● **YOUR INSTRUCTIONS**:
What you return should be only the lines in the entries below between the one holding "2016 LEXUS GS350" and the one holding "Bollywood actress Sunny", ends included, with every picture left out.

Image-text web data
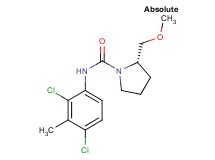 (2S)-N-(2,4-dichloro-3-methylphenyl)-2-(methoxymethyl)pyrrolidine-1-carboxamide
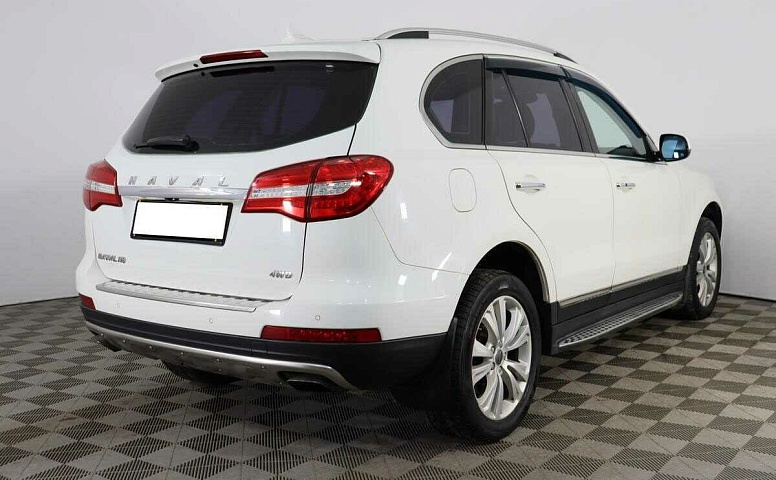 Haval h8 акпп 2015 с пробегом 69 000 км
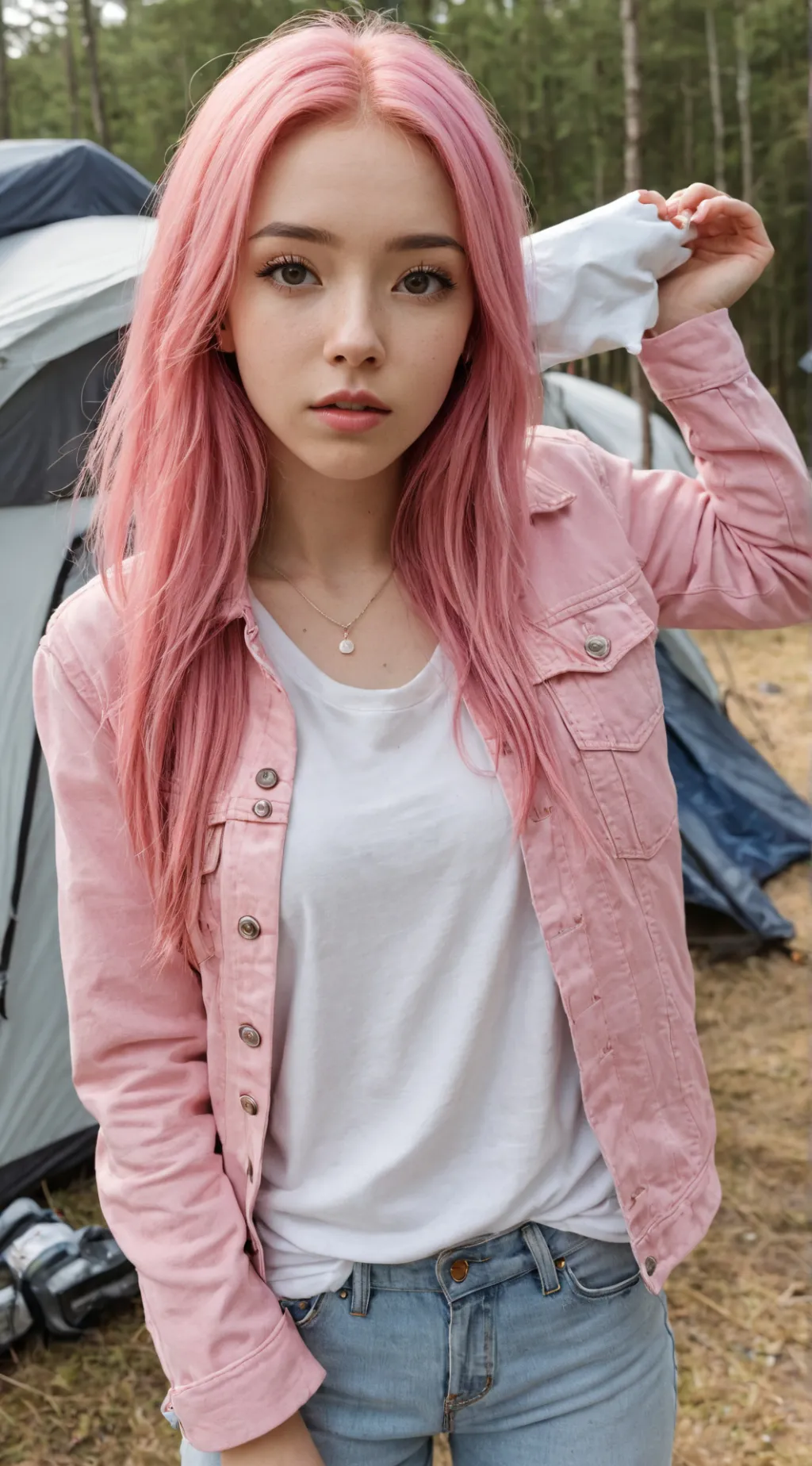 ai character: Hannah background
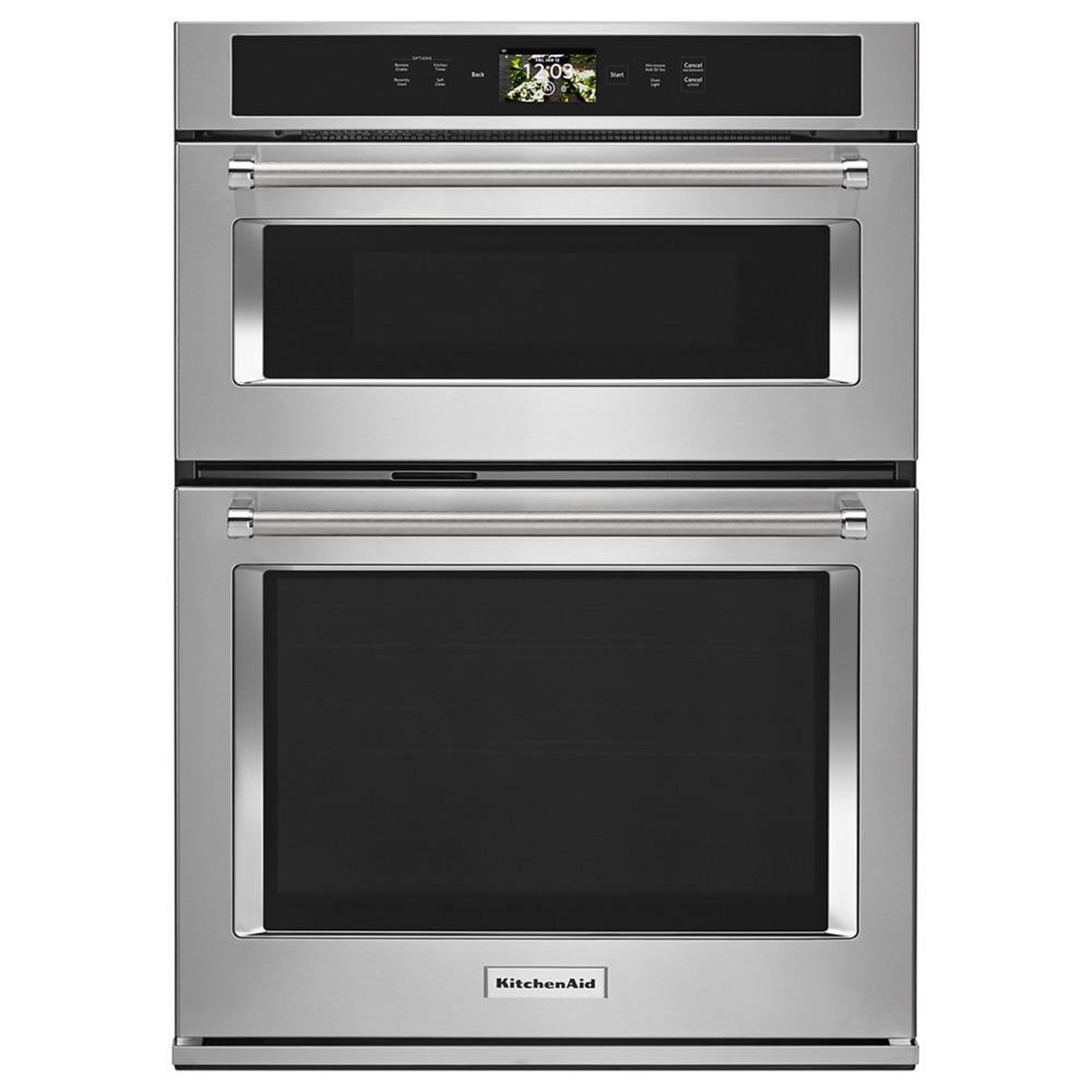KITCHENAID 30'' Electric Double Oven Convection Range SS - KFED500ESS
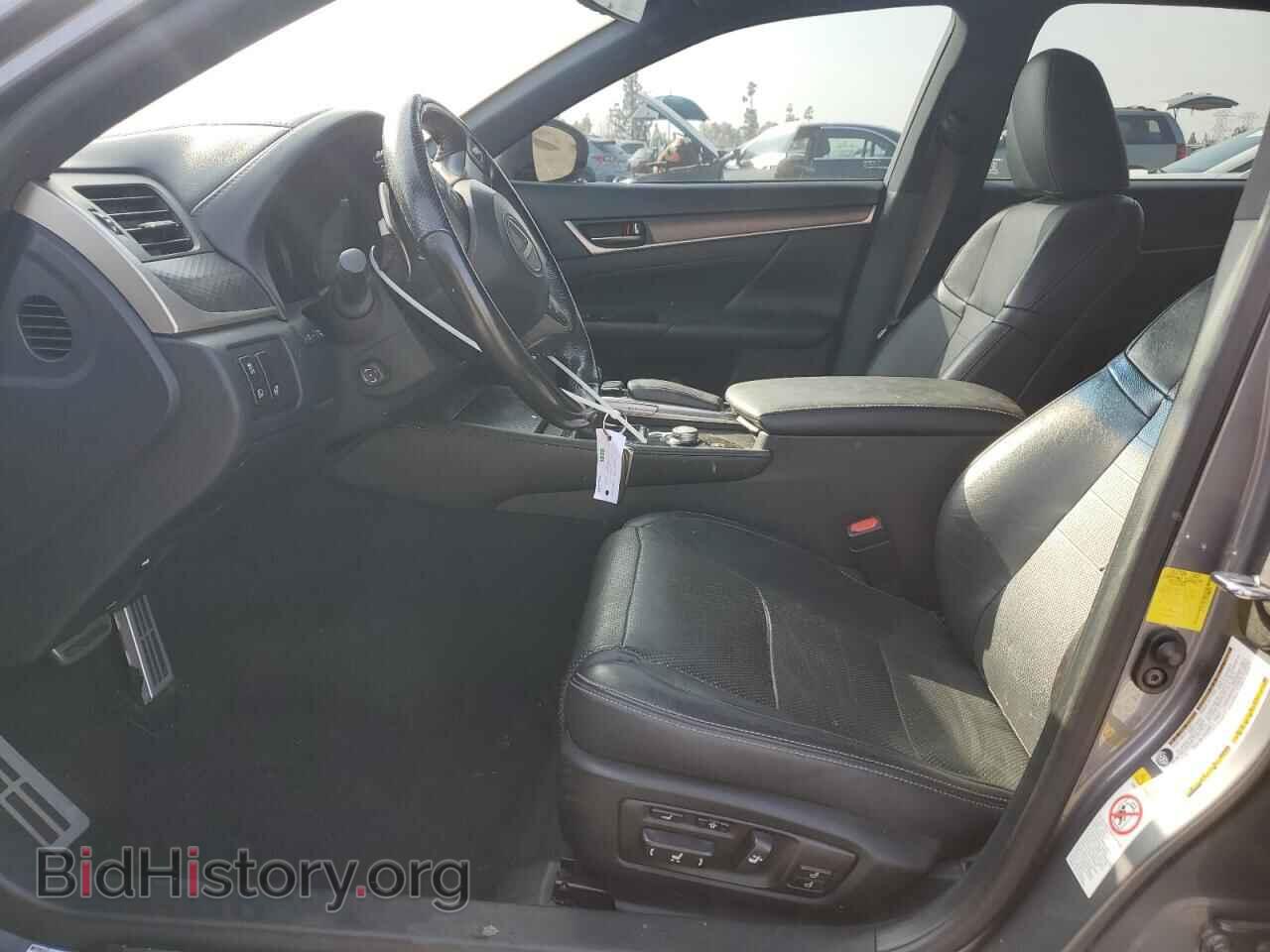 2016 LEXUS GS350 - VIN: JTHCZ1BL3GA000416 - Фото 7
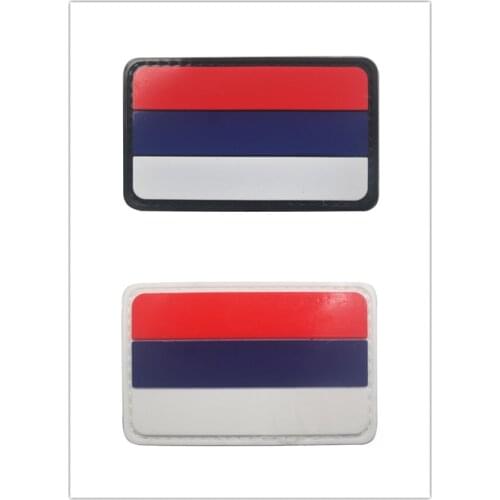 PVC Russia Flag Patch Backpack Patch Bag Jacket Armband Badge Sticker Army Embroidery Badge Military Fans Patches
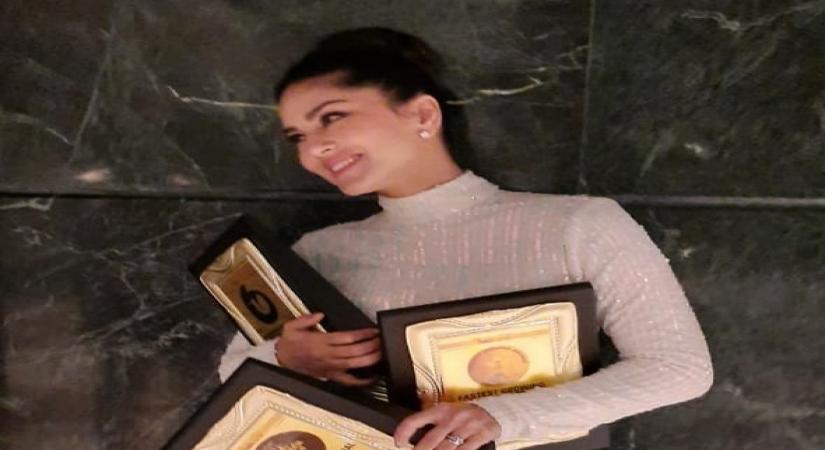 Bollywood actress Sunny Leone received three honours at the 13th Edition of Asian Business & Social Forum in Thailand.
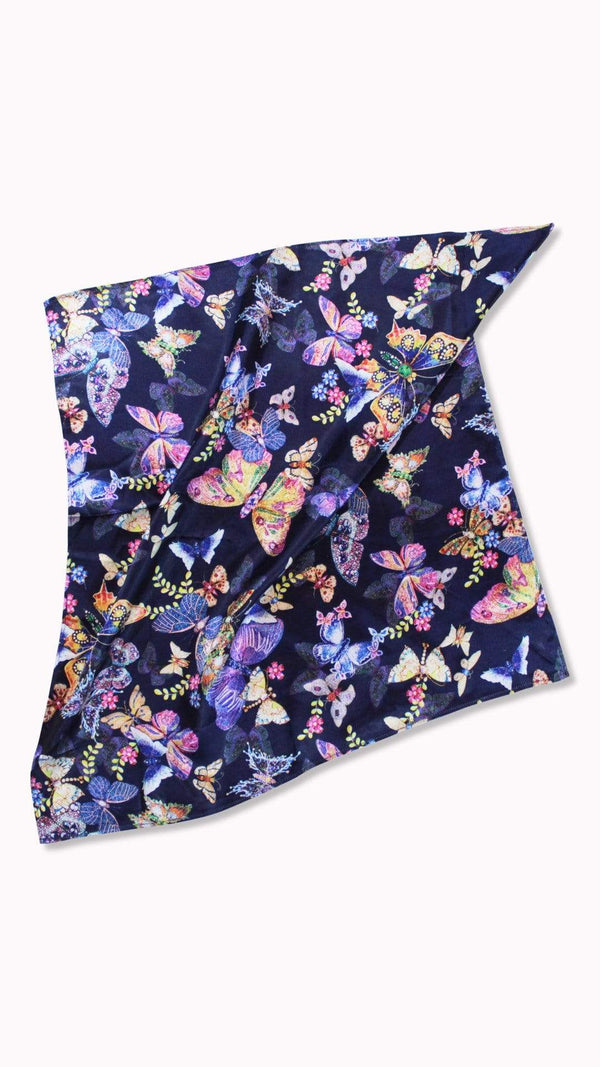 Butterfly Effect Silk Scarf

● **TASK RESPONSE**:
 2016 LEXUS GS350 - VIN: JTHCZ1BL3GA000416 - Фото 7
 PVC Russia Flag Patch Backpack Patch Bag Jacket Armband Badge Sticker Army Embroidery Badge Military Fans Patches
 Bollywood actress Sunny Leone received three honours at the 13th Edition of Asian Business & Social Forum in Thailand.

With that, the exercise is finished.